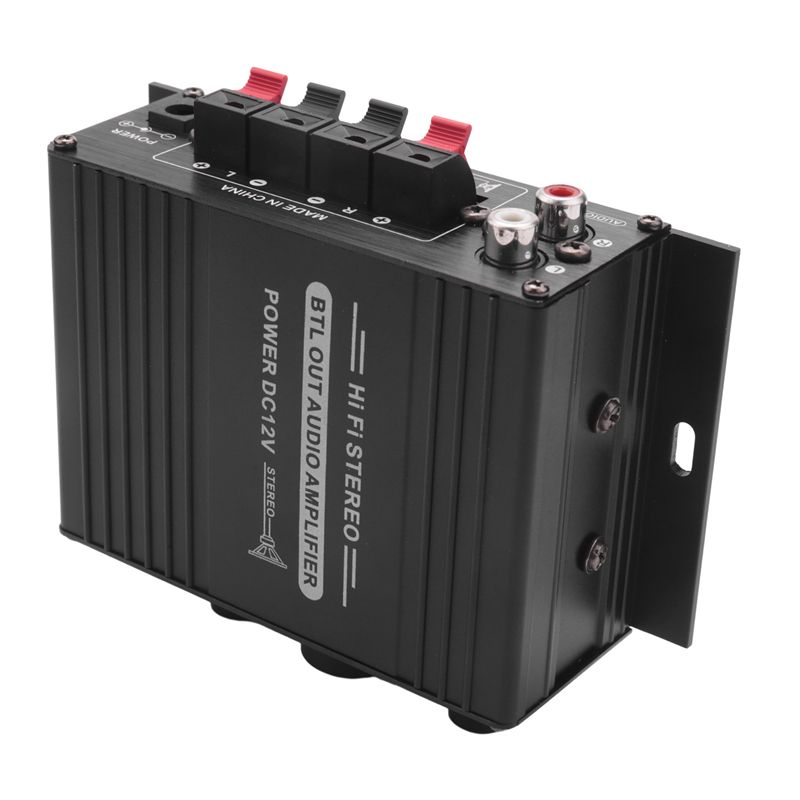 12V Mini Audio Power Car Amplifier Digital Audio Receiver AMP Dual Channel 20W20W Bass Treble Volume Control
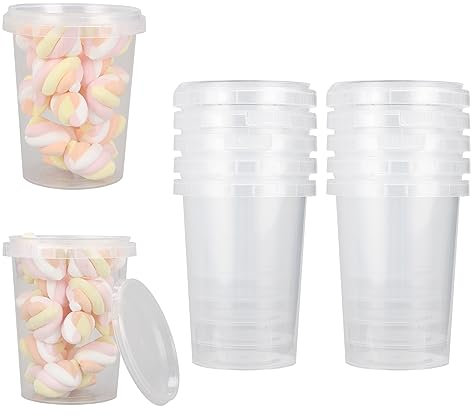ZOFUN 50 Pcs Soup Containers with Lids, 520 ML/18 OZ Soup Containers for Freezer, BPA-Free Food Containers for Soup, Plastic Soup Feezer Containers for Soup Food Takeaway Heating
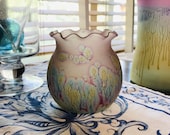 Small Pink Yellow Sun Catcher Bubble Bud Vase Chihuly Ruffled Blown Bowl Nouveau Hebron Glass Art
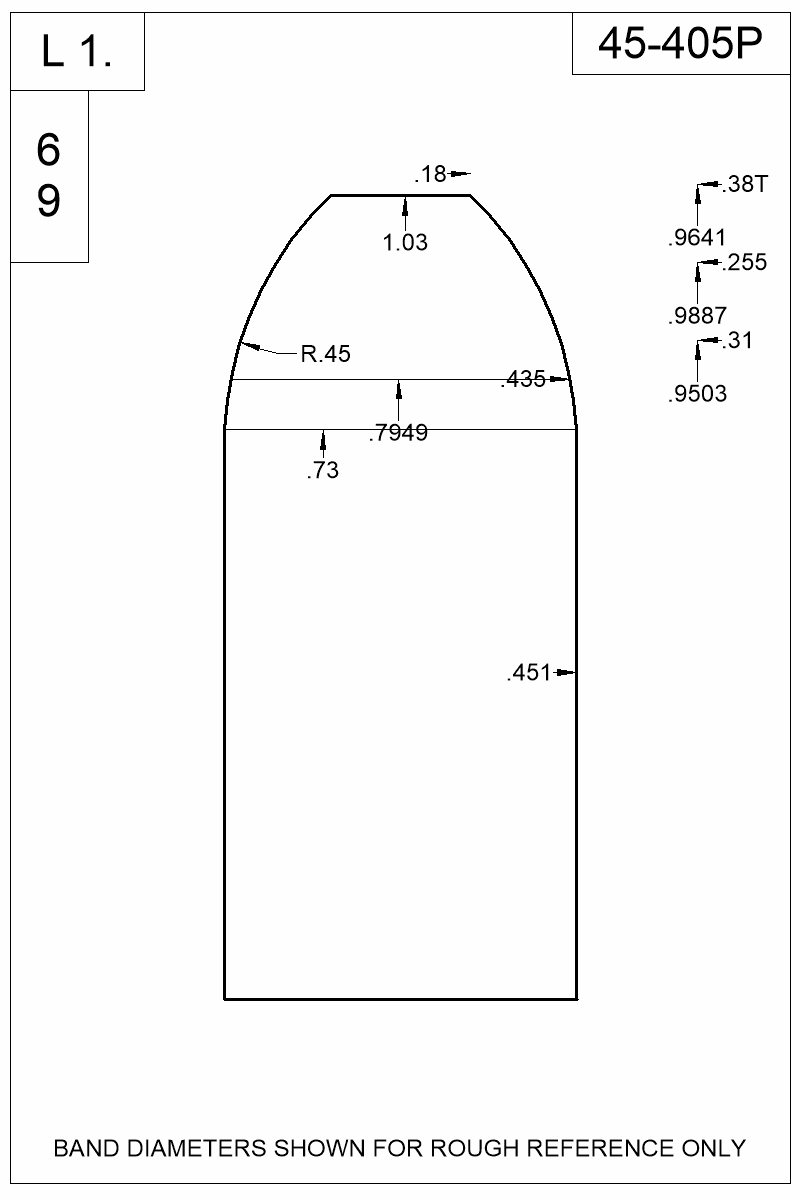 Dimensioned view of bullet 45-405P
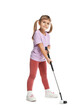 © New Africa - Cute girl playing golf on white background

■ Brief ■
Give back all the data exactly, minus pictures.

■ Solution below ■
 12V Mini Audio Power Car Amplifier Digital Audio Receiver AMP Dual Channel 20W20W Bass Treble Volume Control
ZOFUN 50 Pcs Soup Containers with Lids, 520 ML/18 OZ Soup Containers for Freezer, BPA-Free Food Containers for Soup, Plastic Soup Feezer Containers for Soup Food Takeaway Heating
 Small Pink Yellow Sun Catcher Bubble Bud Vase Chihuly Ruffled Blown Bowl Nouveau Hebron Glass Art
 Dimensioned view of bullet 45-405P
 © New Africa - Cute girl playing golf on white background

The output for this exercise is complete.